▸ Task item
Only these lines of the data below are wanted: the one with "Grey Net Fabric", the one with "Gafas de Motocicleta", and any lines between them, each repeated exactly.

▸ Exercise materials
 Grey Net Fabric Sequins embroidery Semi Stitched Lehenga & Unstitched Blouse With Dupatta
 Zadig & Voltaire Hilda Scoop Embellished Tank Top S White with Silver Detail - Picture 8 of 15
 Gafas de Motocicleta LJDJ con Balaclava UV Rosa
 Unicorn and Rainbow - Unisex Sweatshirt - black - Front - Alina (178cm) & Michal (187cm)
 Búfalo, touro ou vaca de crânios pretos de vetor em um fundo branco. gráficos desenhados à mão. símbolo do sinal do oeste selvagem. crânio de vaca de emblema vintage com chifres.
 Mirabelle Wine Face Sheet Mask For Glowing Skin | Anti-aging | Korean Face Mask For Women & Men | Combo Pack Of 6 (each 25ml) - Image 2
--
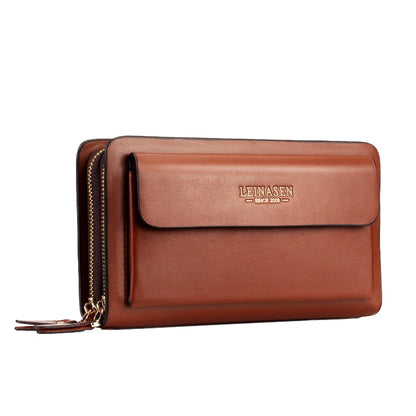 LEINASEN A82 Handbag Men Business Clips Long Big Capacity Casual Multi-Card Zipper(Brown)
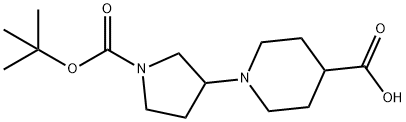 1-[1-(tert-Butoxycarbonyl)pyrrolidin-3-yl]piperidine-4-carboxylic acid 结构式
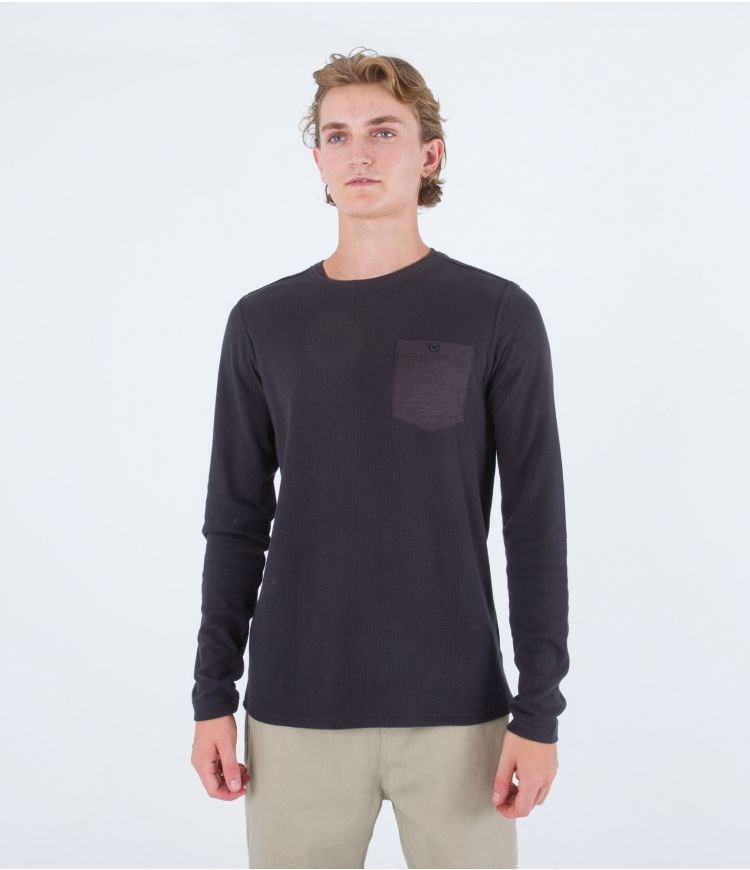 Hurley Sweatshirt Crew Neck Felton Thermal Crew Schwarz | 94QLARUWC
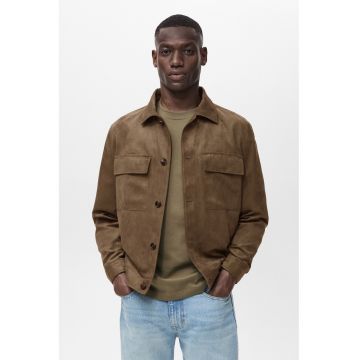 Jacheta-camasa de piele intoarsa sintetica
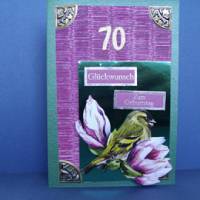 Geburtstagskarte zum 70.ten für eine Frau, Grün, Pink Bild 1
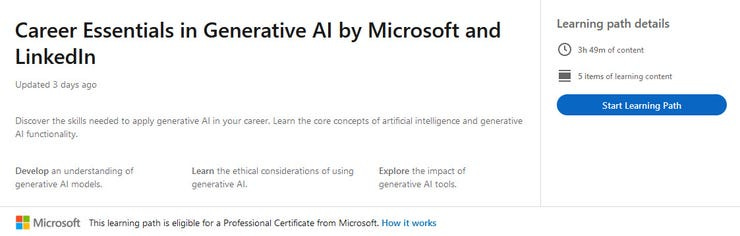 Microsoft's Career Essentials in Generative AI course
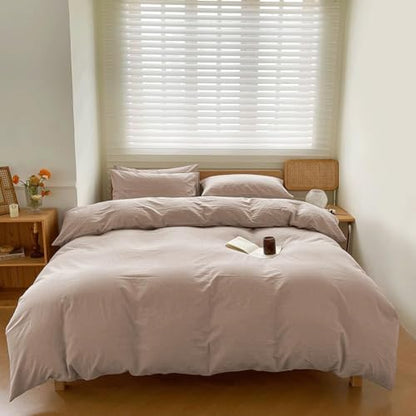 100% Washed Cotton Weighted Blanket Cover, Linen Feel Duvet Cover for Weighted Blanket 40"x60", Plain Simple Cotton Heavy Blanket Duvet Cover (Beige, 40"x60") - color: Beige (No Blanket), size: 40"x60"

▸ Solution
 Grey Net Fabric Sequins embroidery Semi Stitched Lehenga & Unstitched Blouse With Dupatta
 Zadig & Voltaire Hilda Scoop Embellished Tank Top S White with Silver Detail - Picture 8 of 15
 Gafas de Motocicleta LJDJ con Balaclava UV Rosa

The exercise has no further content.